**What is expected**
Pictures excluded, return the lines below from the first through the line holding "Natural disasters are".

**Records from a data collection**

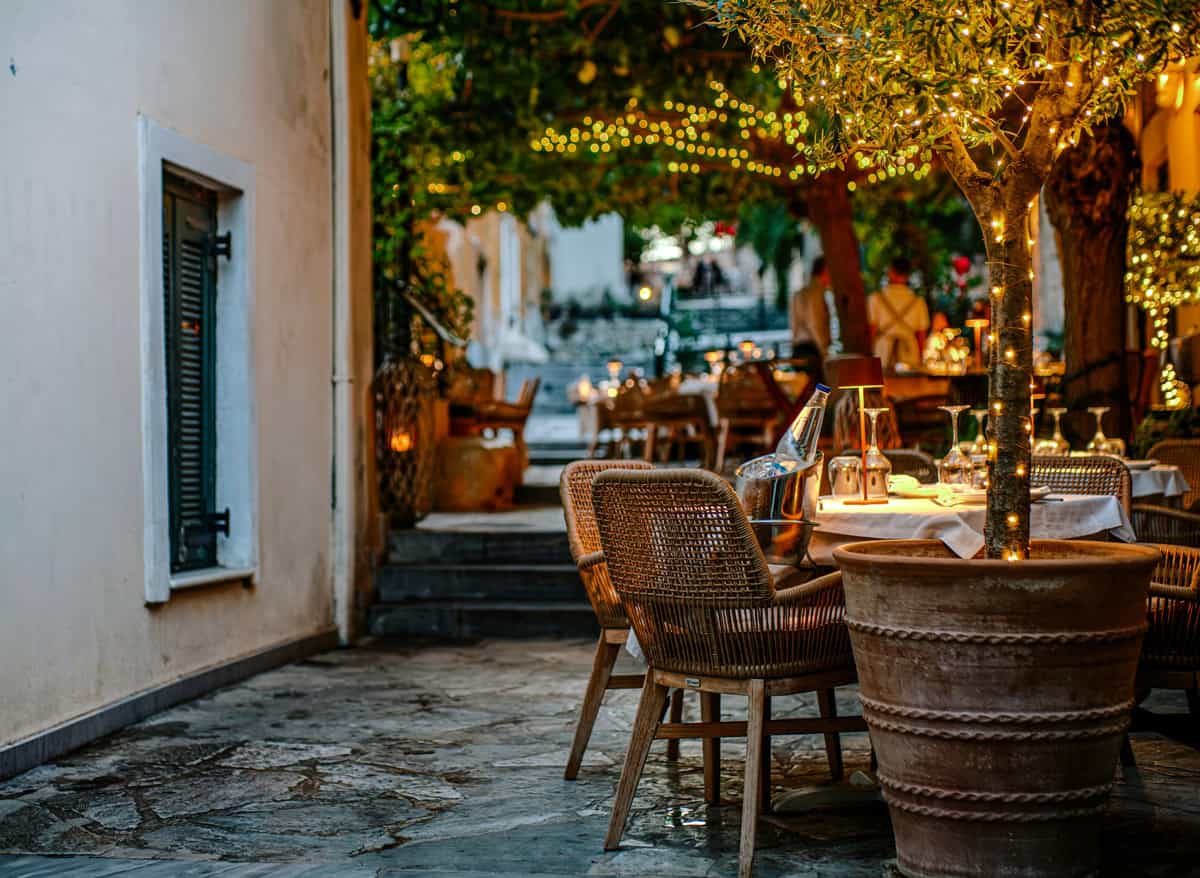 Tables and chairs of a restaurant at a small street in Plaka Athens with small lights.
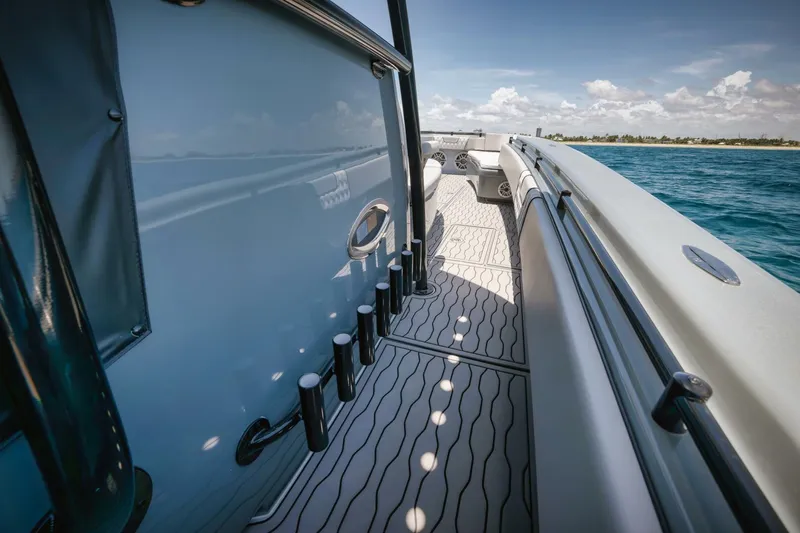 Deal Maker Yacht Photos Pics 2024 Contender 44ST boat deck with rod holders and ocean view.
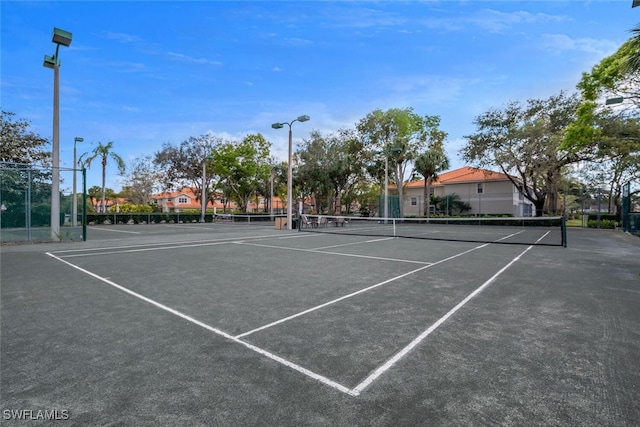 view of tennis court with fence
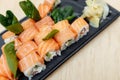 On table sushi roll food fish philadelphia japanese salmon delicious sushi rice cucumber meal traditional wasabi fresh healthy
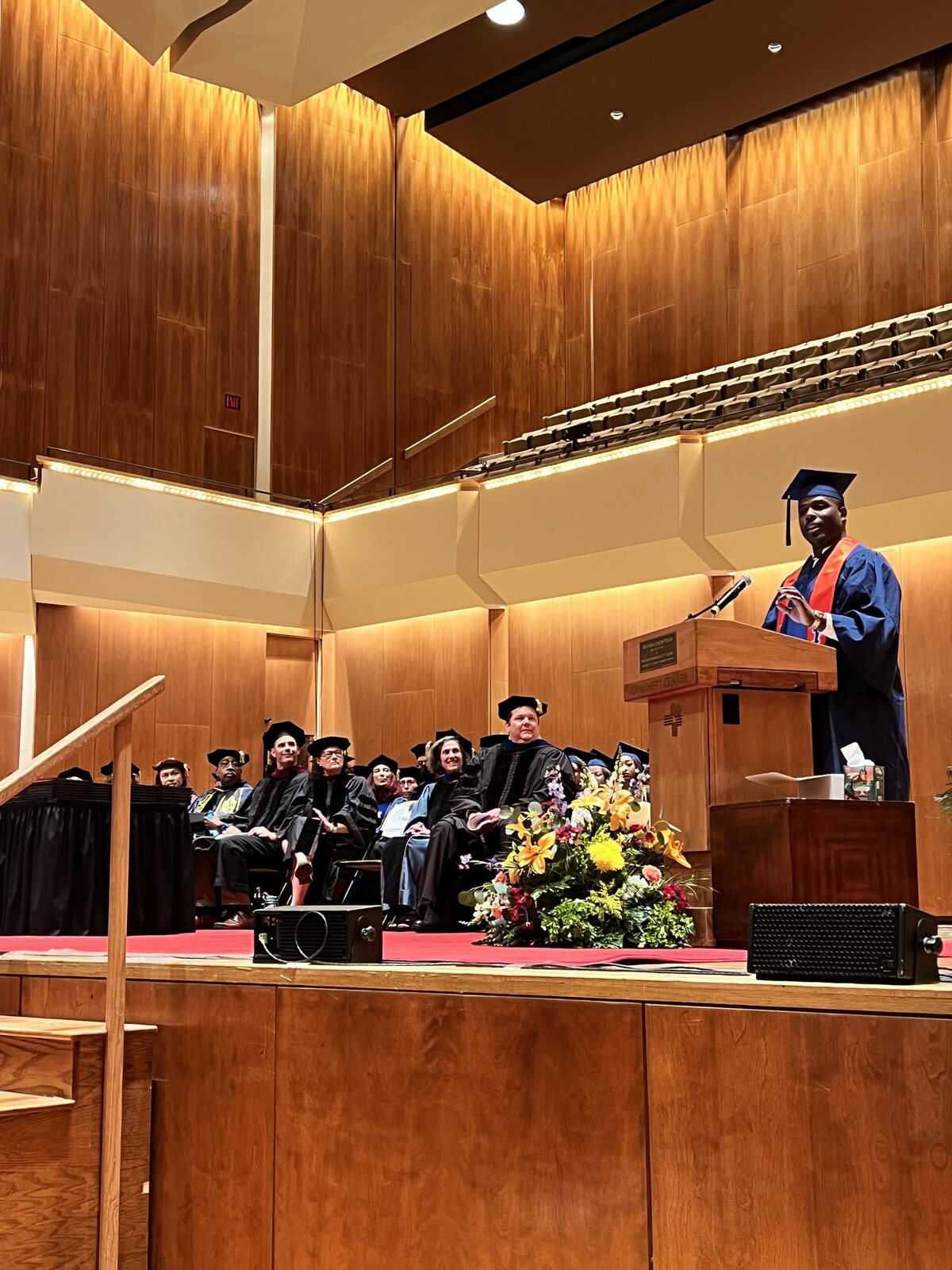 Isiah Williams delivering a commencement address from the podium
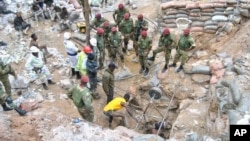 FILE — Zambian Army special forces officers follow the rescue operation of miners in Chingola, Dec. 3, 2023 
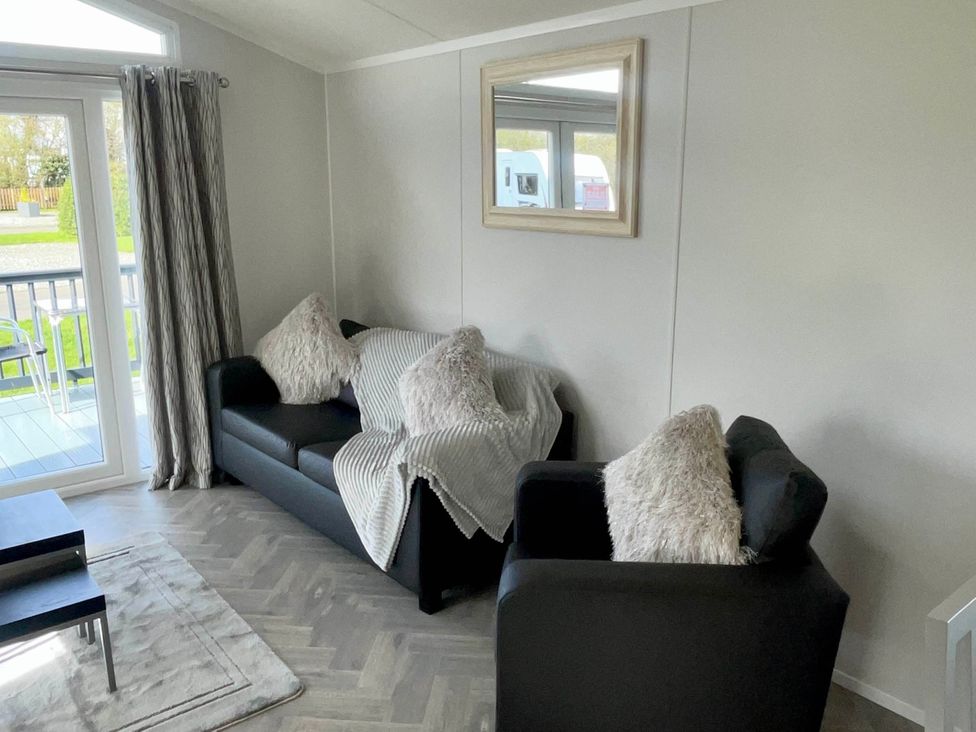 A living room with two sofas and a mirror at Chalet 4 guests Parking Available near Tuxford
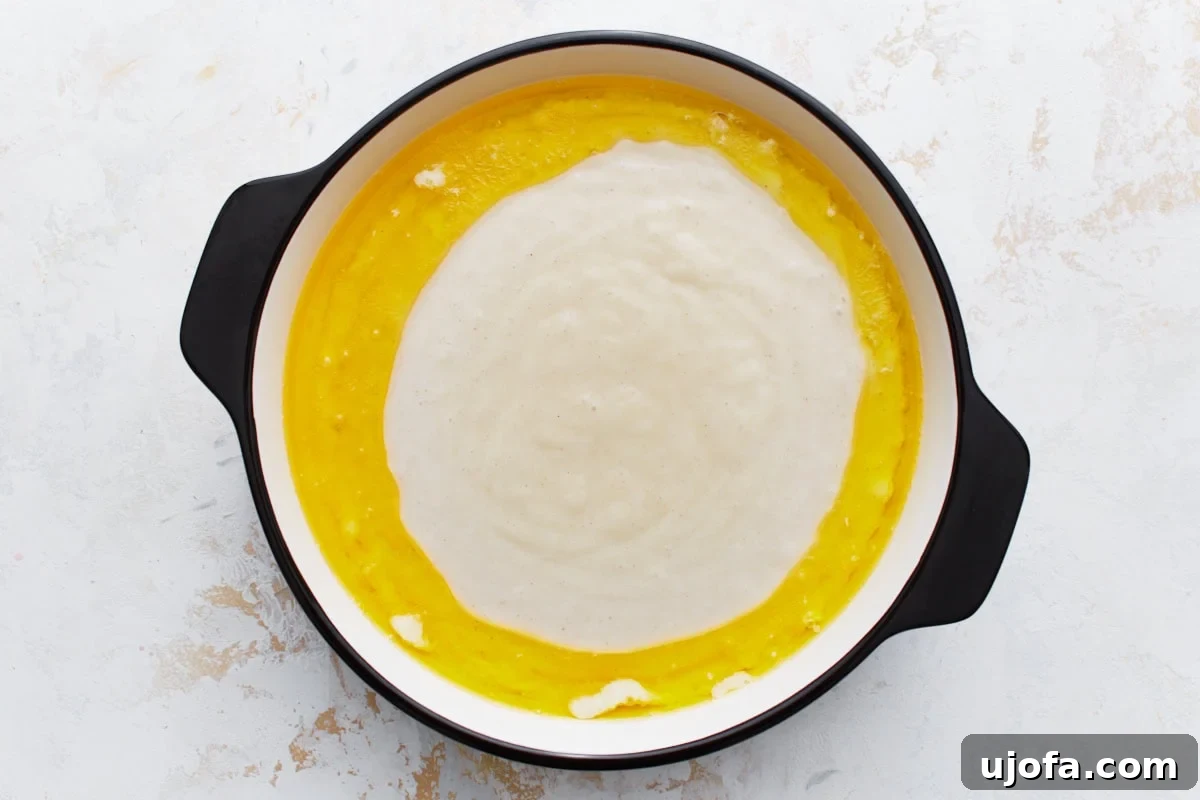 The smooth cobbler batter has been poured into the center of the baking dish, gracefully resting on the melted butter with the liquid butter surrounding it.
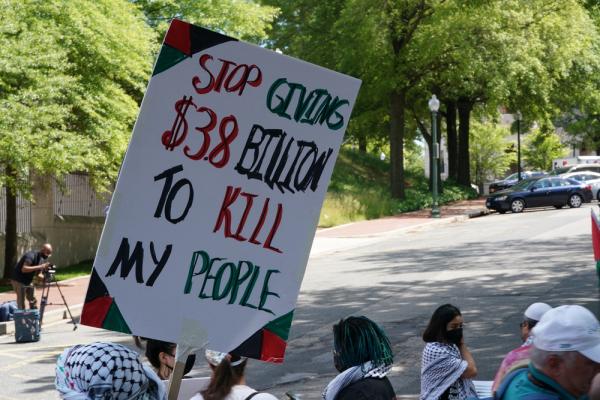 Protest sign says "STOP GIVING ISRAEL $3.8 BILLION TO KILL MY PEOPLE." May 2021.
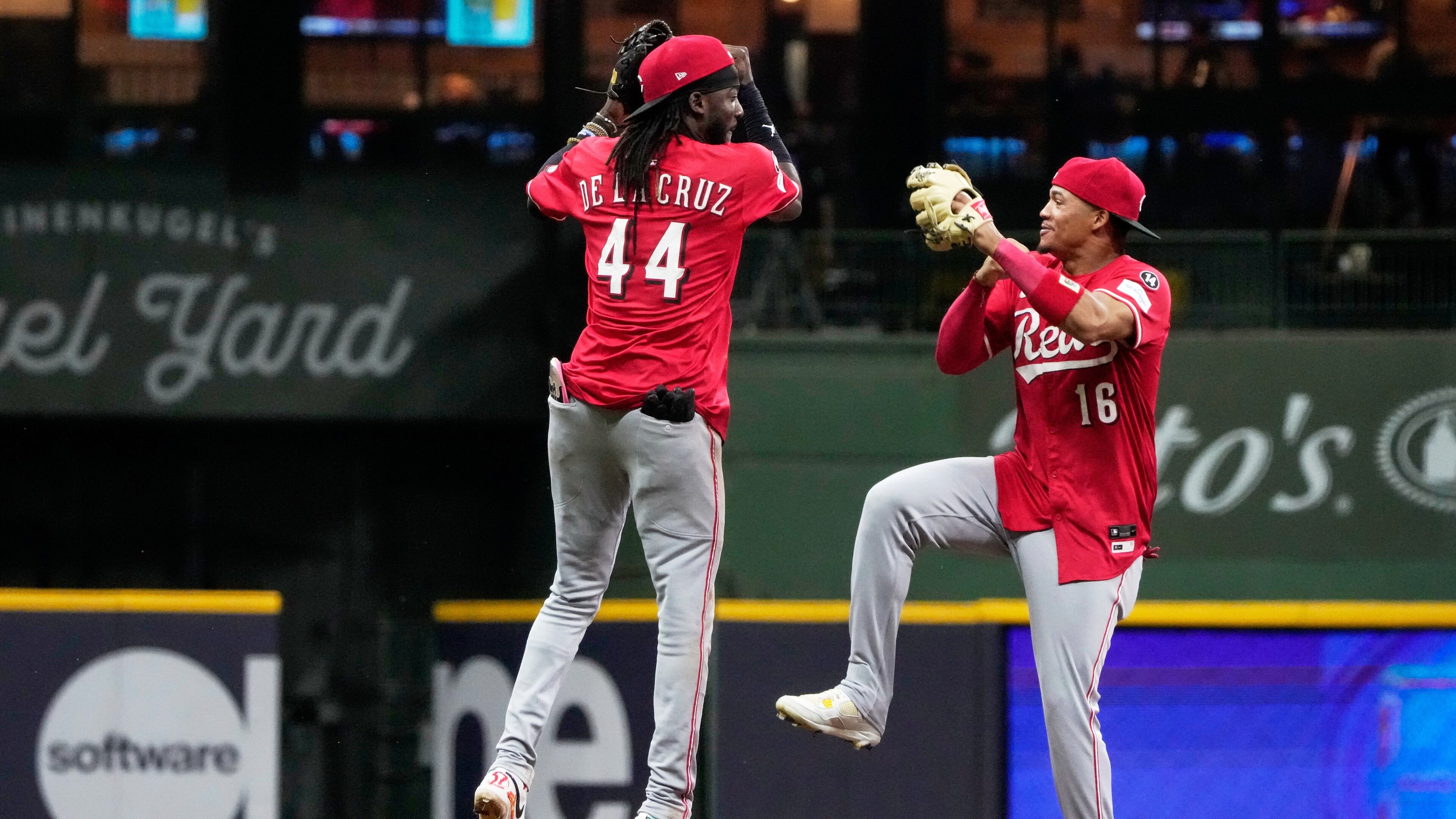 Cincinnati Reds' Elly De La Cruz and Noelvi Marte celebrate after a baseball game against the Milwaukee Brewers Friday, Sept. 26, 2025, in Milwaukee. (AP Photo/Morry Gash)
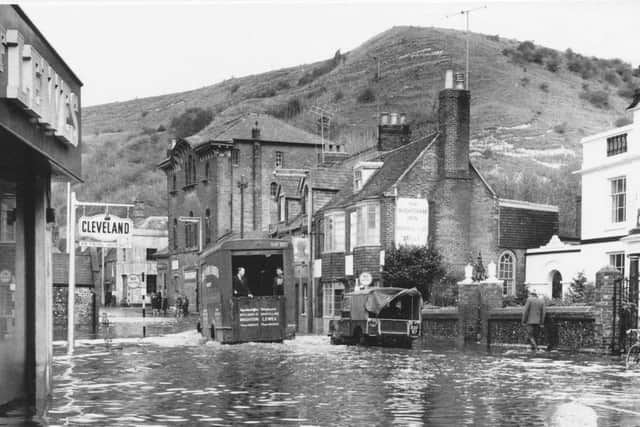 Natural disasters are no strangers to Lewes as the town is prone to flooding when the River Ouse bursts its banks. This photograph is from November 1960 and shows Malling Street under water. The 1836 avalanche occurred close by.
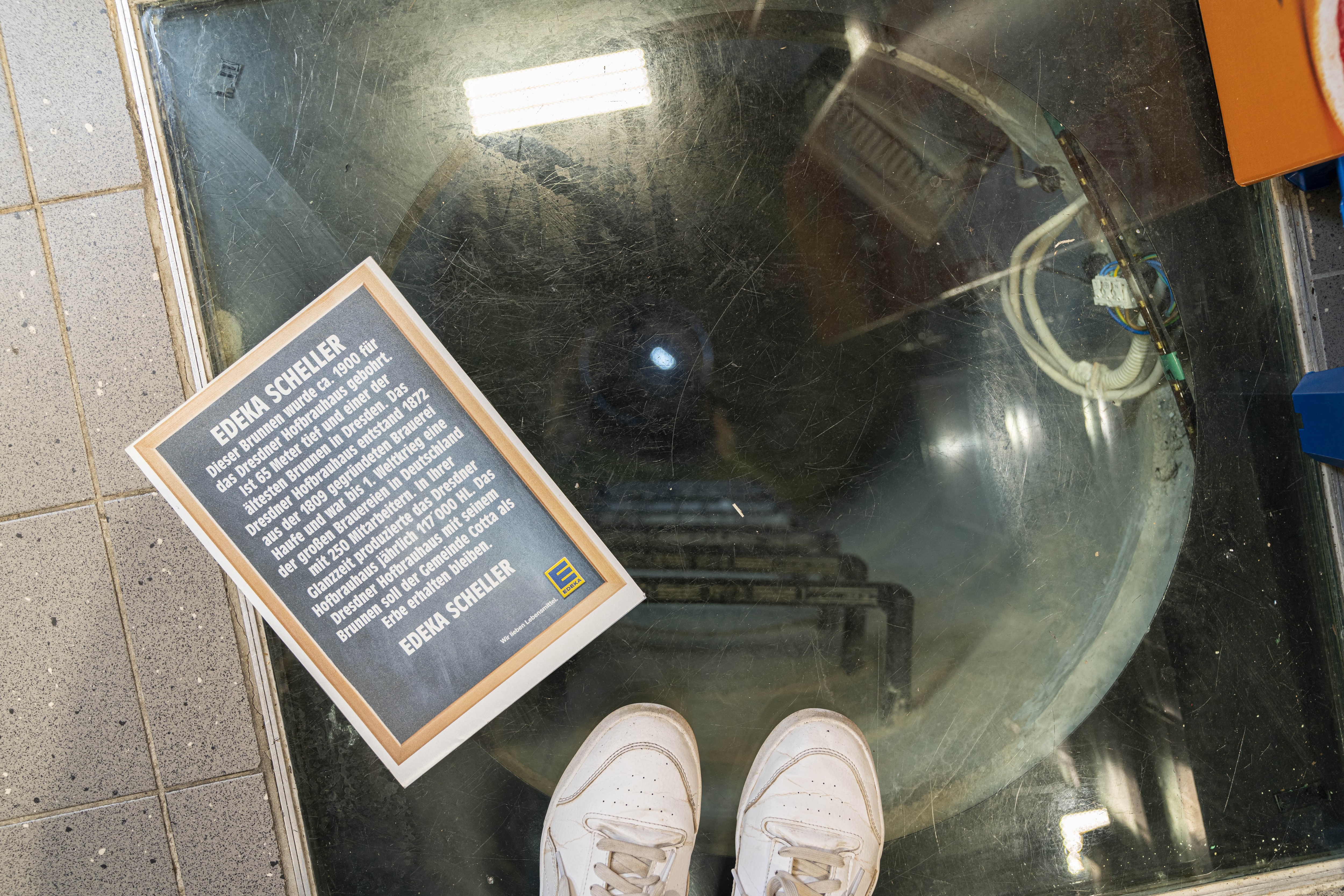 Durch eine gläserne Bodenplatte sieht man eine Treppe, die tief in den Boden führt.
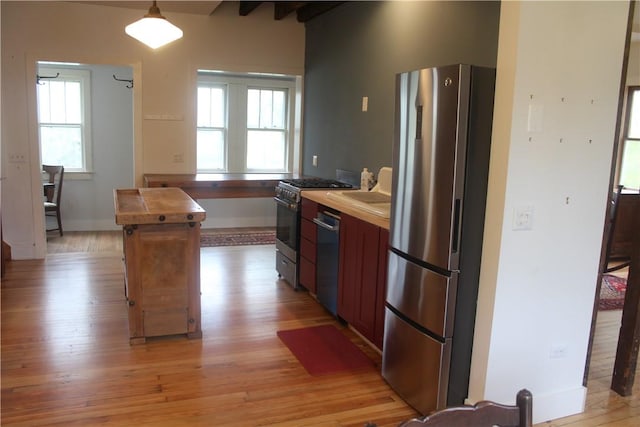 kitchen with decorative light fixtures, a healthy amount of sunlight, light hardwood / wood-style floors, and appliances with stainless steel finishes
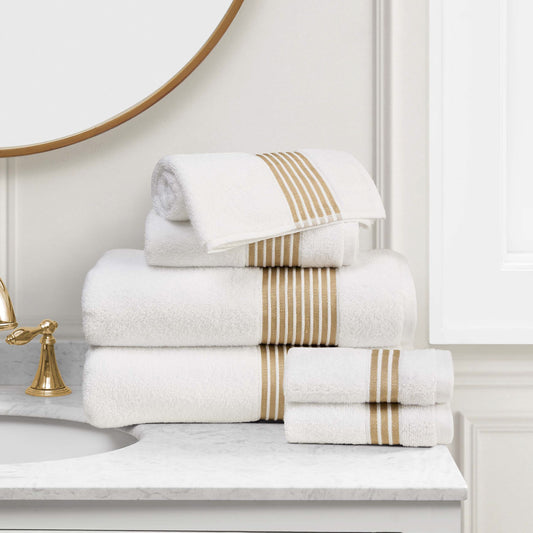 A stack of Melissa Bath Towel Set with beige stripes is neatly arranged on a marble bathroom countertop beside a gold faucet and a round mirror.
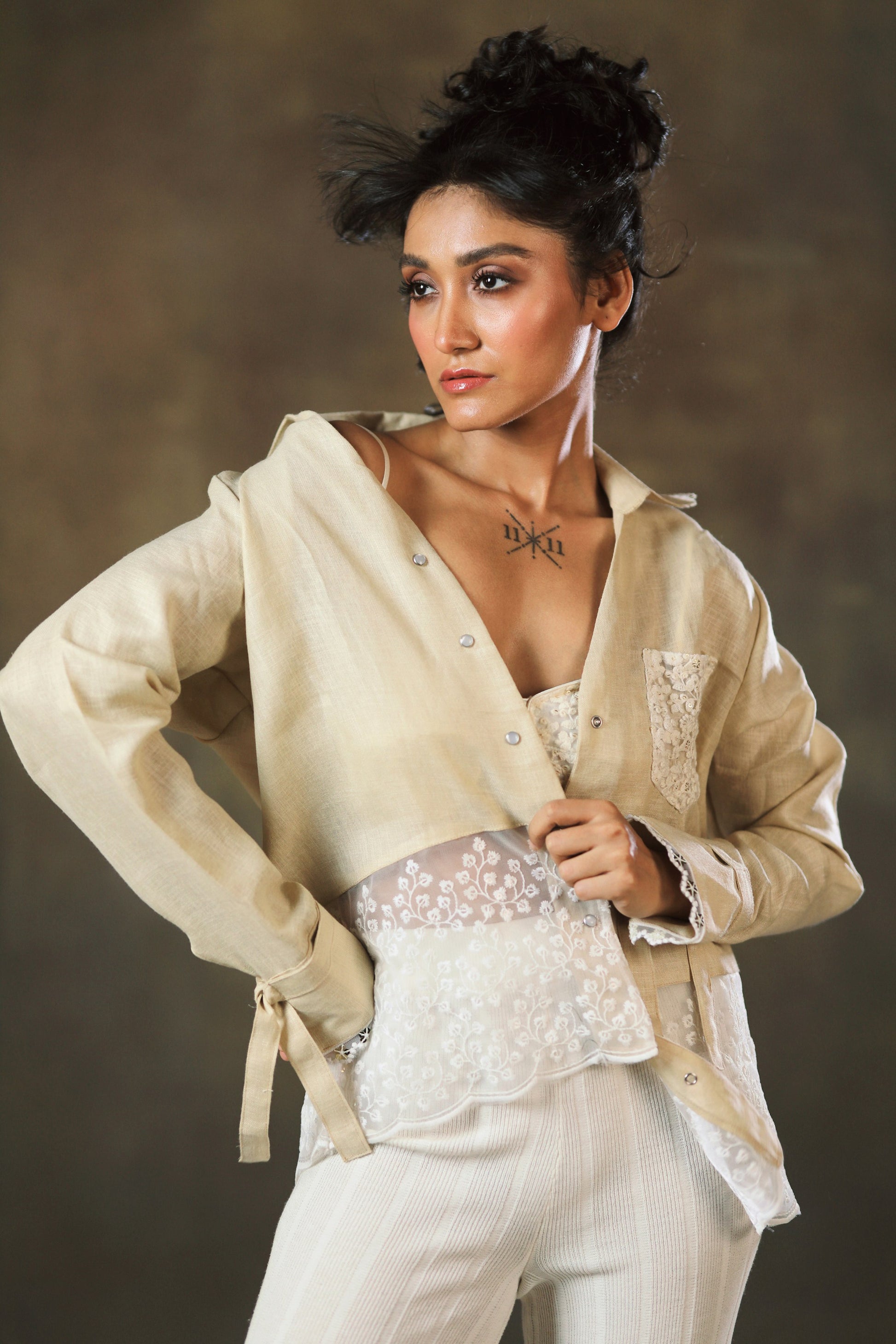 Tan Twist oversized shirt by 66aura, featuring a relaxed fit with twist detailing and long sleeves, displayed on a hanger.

**Task result**
 Tables and chairs of a restaurant at a small street in Plaka Athens with small lights.
 Deal Maker Yacht Photos Pics 2024 Contender 44ST boat deck with rod holders and ocean view.
 view of tennis court with fence
 On table sushi roll food fish philadelphia japanese salmon delicious sushi rice cucumber meal traditional wasabi fresh healthy
 Isiah Williams delivering a commencement address from the podium
 FILE — Zambian Army special forces officers follow the rescue operation of miners in Chingola, Dec. 3, 2023 
 A living room with two sofas and a mirror at Chalet 4 guests Parking Available near Tuxford
 The smooth cobbler batter has been poured into the center of the baking dish, gracefully resting on the melted butter with the liquid butter surrounding it.
 Protest sign says "STOP GIVING ISRAEL $3.8 BILLION TO KILL MY PEOPLE." May 2021.
 Cincinnati Reds' Elly De La Cruz and Noelvi Marte celebrate after a baseball game against the Milwaukee Brewers Friday, Sept. 26, 2025, in Milwaukee. (AP Photo/Morry Gash)
 Natural disasters are no strangers to Lewes as the town is prone to flooding when the River Ouse bursts its banks. This photograph is from November 1960 and shows Malling Street under water. The 1836 avalanche occurred close by.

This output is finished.